• EXCERPTED DATA
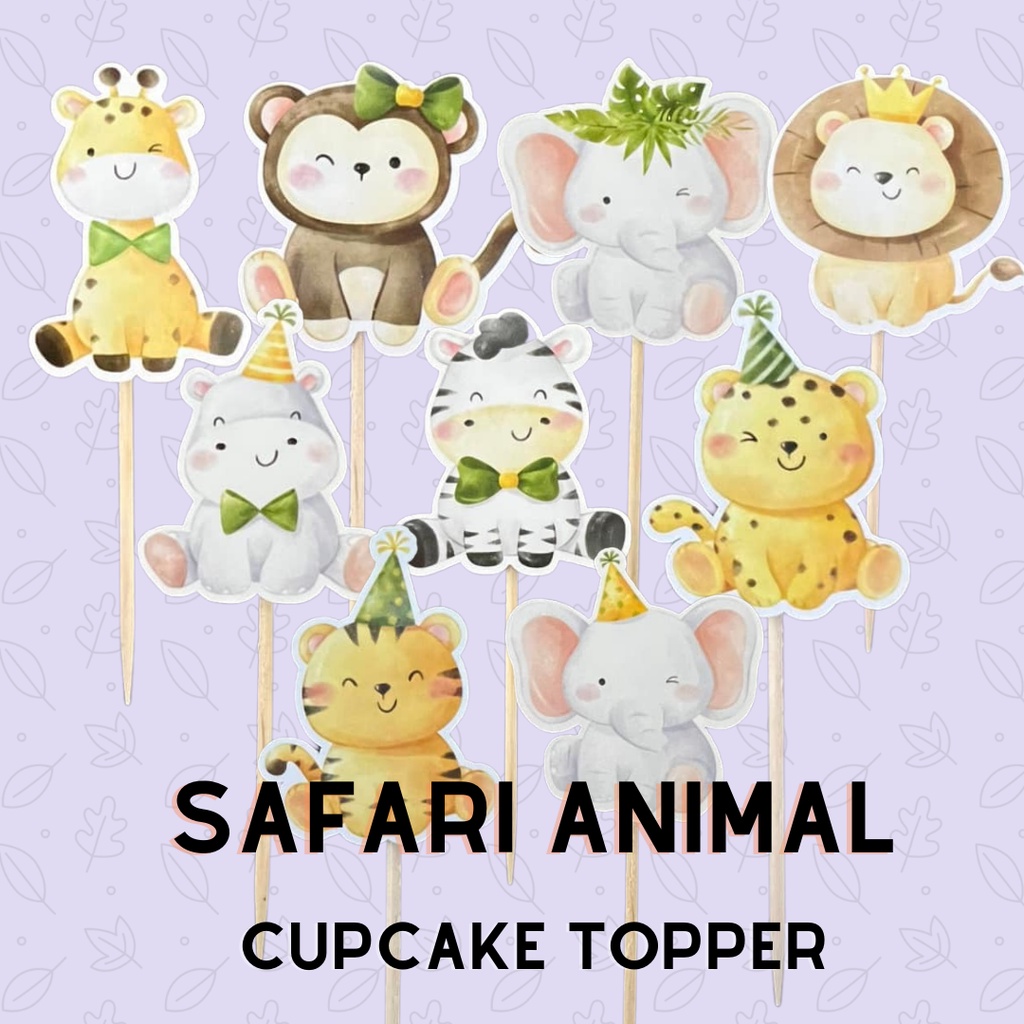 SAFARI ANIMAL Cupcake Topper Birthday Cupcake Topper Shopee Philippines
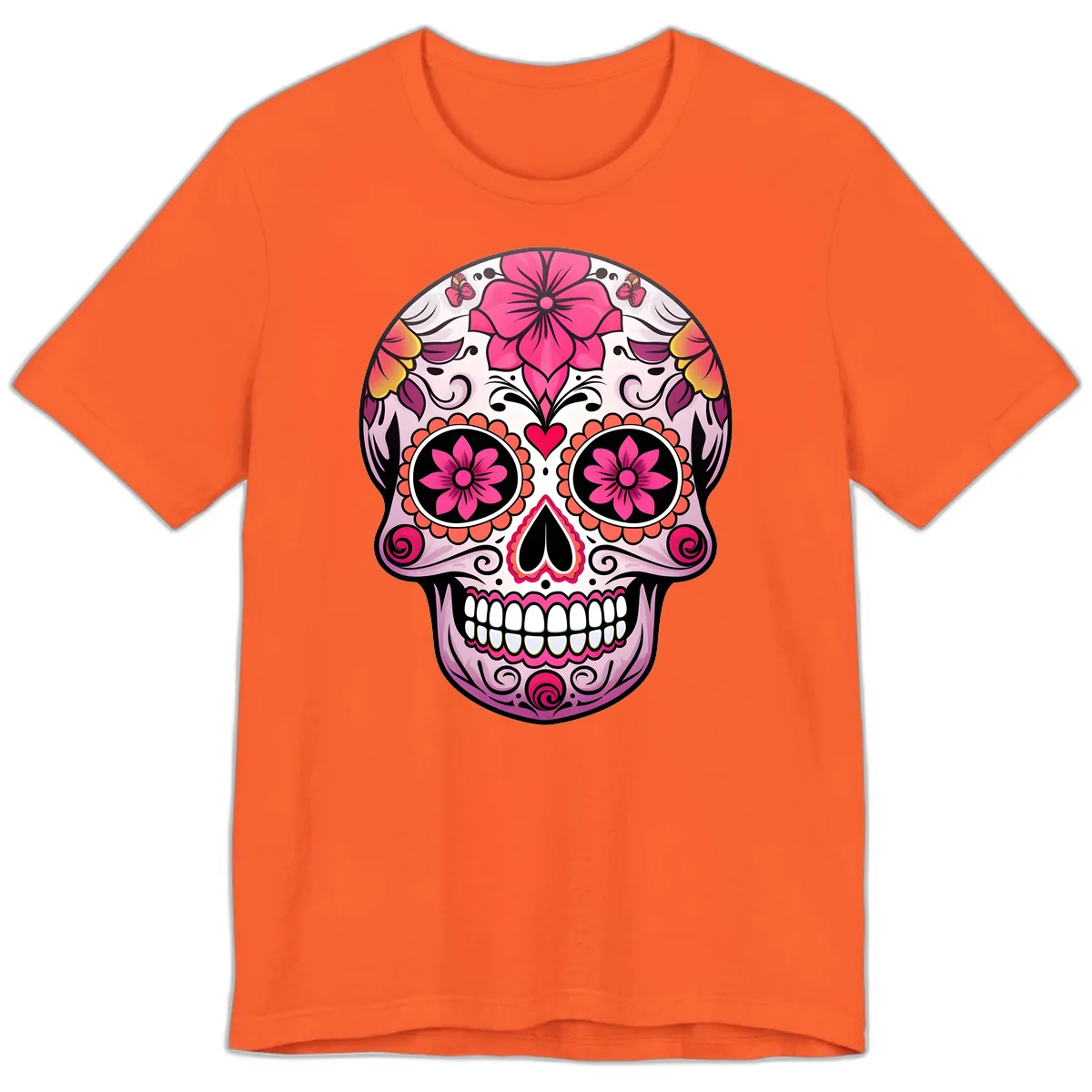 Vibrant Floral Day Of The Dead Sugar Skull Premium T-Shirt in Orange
* * *
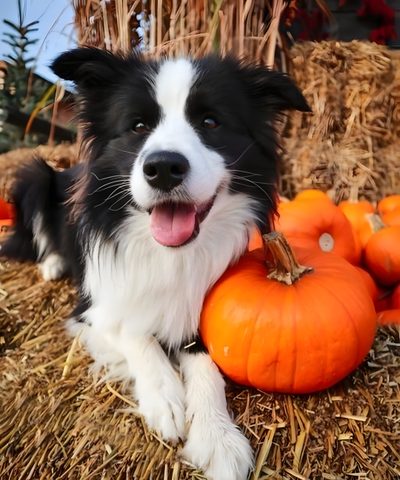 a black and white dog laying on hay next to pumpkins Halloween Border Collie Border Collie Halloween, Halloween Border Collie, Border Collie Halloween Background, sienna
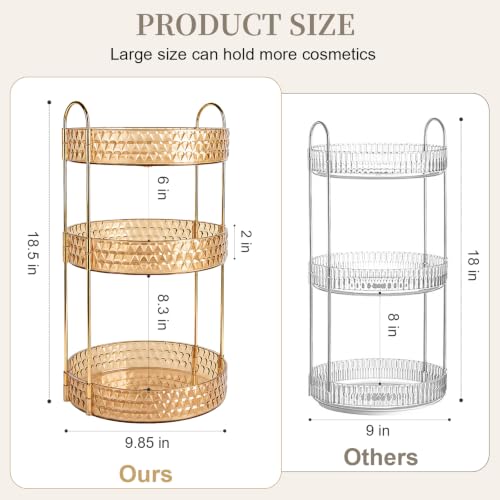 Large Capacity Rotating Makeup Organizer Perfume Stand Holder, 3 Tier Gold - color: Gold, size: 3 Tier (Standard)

• TASK INSTRUCTIONS
For this exercise, please set down exactly the lines of the listing above from the line with "a black and" up to and including the line with "Large Capacity Rotating", and no pictures.

• YOUR SOLUTION
 a black and white dog laying on hay next to pumpkins Halloween Border Collie Border Collie Halloween, Halloween Border Collie, Border Collie Halloween Background, sienna
 Large Capacity Rotating Makeup Organizer Perfume Stand Holder, 3 Tier Gold - color: Gold, size: 3 Tier (Standard)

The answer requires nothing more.